Na véspera, na abertura da I Legislatura dessa Assembleia, perante 120 membros eleitos, Aristides Pereira, secretário-geral do Partido Africano da Independência da Guiné e Cabo Verde (PAIGC), declarara: “Hoje, o nosso povo está de pé, afirmando vigorosamente a sua identidade de povo africano (…), depois de 17 anos de luta político-armada”, pondo fim a cinco séculos de presença colonial.
Esse responsável sublinhou ainda o agravamento da situação política em Portugal, destacando que a luta contra o fascismo tinha passado a estar indissociavelmente ligada à luta contra o colonialismo e a Guerra Colonial, e defendeu que a política “feita de sorrisos e de sangue” das autoridades portuguesas – da Guiné Melhor à invasão de Conacri, e ao assassinato de Amílcar Cabral – não podia ser o fim da luta de libertação, porque o seu povo era “um povo adulto”.
A Assembleia Nacional Popular adotou uma Constituição da República e elegeu um Conselho de Estado constituído por 15 membros e presidido por Luís Cabral, Secretário-Geral adjunto do PAIGC. Após a proclamação da independência, de imediato a reconheceram 17 países, num movimento crescente, que não parou até ao 25 de Abril. Este ato provocou inclusive consultas entre os nove países da Comunidade Económica Europeia e os quinze membros da NATO.
O assassinato de Cabral, em 20 de janeiro de 1973, não quebrou a combatividade do PAIGC.
O partido desencadeou seguidamente uma importante ofensiva em várias frentes, apoderando-se, nomeadamente, do aquartelamento de Guiledje e pondo termo ao domínio aéreo das forças armadas portuguesas mediante a utilização de mísseis terra-ar.
Simultaneamente, assistiu-se à cessação de funções, em 6 de agosto, do governador e comandante-chefe António de Spínola, substituído por Bettencourt Rodrigues, que apenas seguirá para a Guiné no dia seguinte ao da proclamação da independência.
A Assembleia Nacional Popular fora preparada, de janeiro a agosto de 1972, através de uma intensa campanha de informação e de debate nos organismos do PAIGC e em meetings populares, decorrendo, do final de agosto até 14 de outubro de 1972, as eleições em todas as regiões libertadas.

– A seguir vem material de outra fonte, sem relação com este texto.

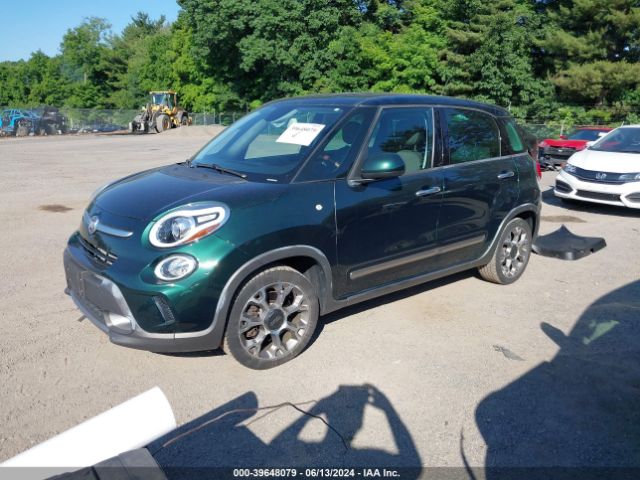 Photo 1 VIN: ZFBCFADH6EZ008028 - FIAT 500L 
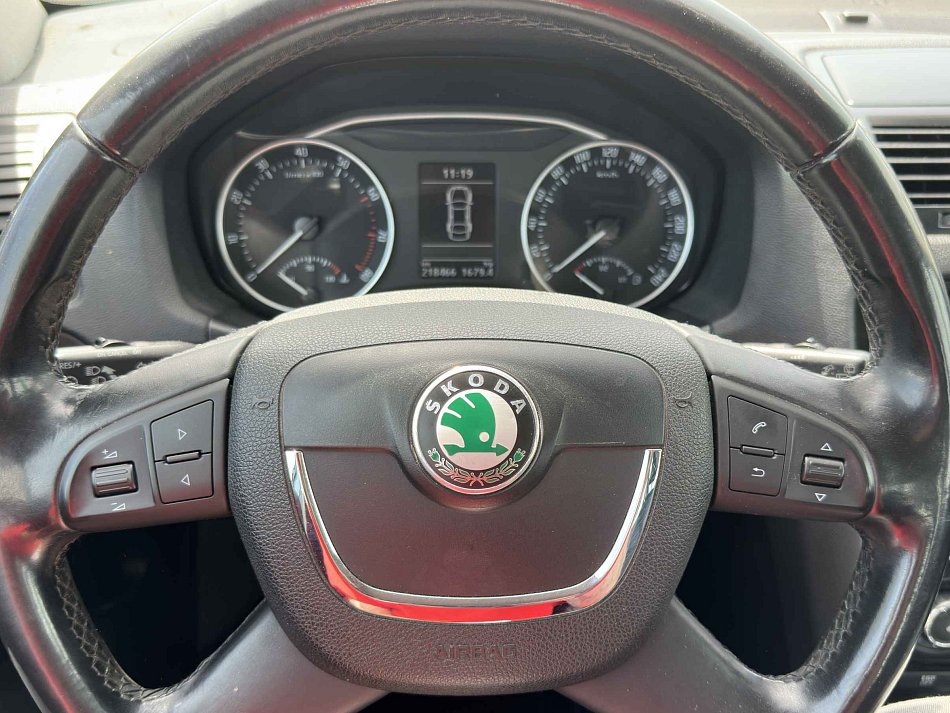 Škoda Octavia II 1.8TSi 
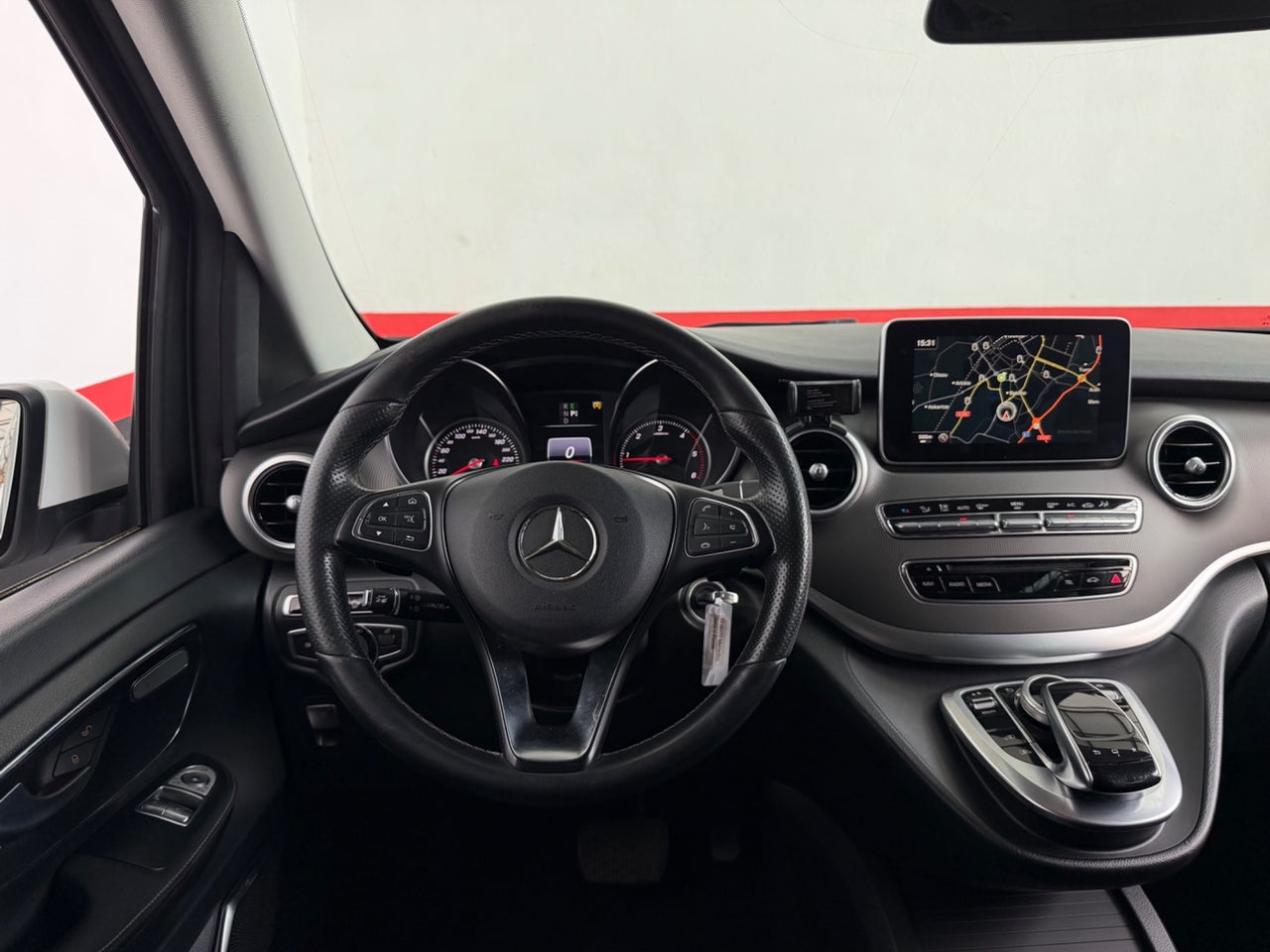 MERCEDES-BENZ Clase V 250 d Avantgarde Largo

Fora nesse ano, aliás, que, em abril, ocorrera a visita da Missão Especial do Comité de Descolonização da Organização das Nações Unidas (ONU) às regiões libertadas. Esta assegurava, designadamente, que a luta de libertação do território continuava “a progredir”, considerando “um fator irrefutável” que Portugal já não exercia “nenhum controlo administrativo sobre vastas regiões da Guiné”.
A proclamação unilateral da independência representa um momento decisivo na luta de libertação, provocando violentas reações por parte do governo português.
Por um lado, a censura impede que o assunto seja publicado na imprensa e as primeiras notícias só surgem no dia 28 de setembro. Por outro, a proclamação da independência da Guiné-Bissau revela-se praticamente ausente na longuíssima “Conversa em Família” com que, a 27 de setembro, o Presidente do Conselho, Marcelo Caetano, assinala o 5.º aniversário da sua tomada de posse. Sobre este tema, o chefe de Governo afirma apenas que a alegação de que havia zonas libertadas em Angola, Moçambique ou na Guiné se tratava de “uma mentira”.
Entretanto, a Delegação de Portugal nas Nações Unidas afirmava que essa proclamação era um “ato de propaganda” para mascarar a falta de êxito do PAIGC, designando-a de “independência fictícia” e reiterando que o PAIGC não controlava “qualquer parcela do território dessa província”.
Significativamente, no dia 28, o ministro dos Negócios Estrangeiros, Rui Patrício, visitou o Secretário-Geral da ONU, Kurt Waldheim, em Nova Iorque.
À beira do colapso, Spínola ainda opinou em Lisboa ao Diário de Notícias: “Não se vê que uma organização clandestina possa fundamentar um estatuto jurídico na ordem externa, pelo que não julgo de recear seja o que for”.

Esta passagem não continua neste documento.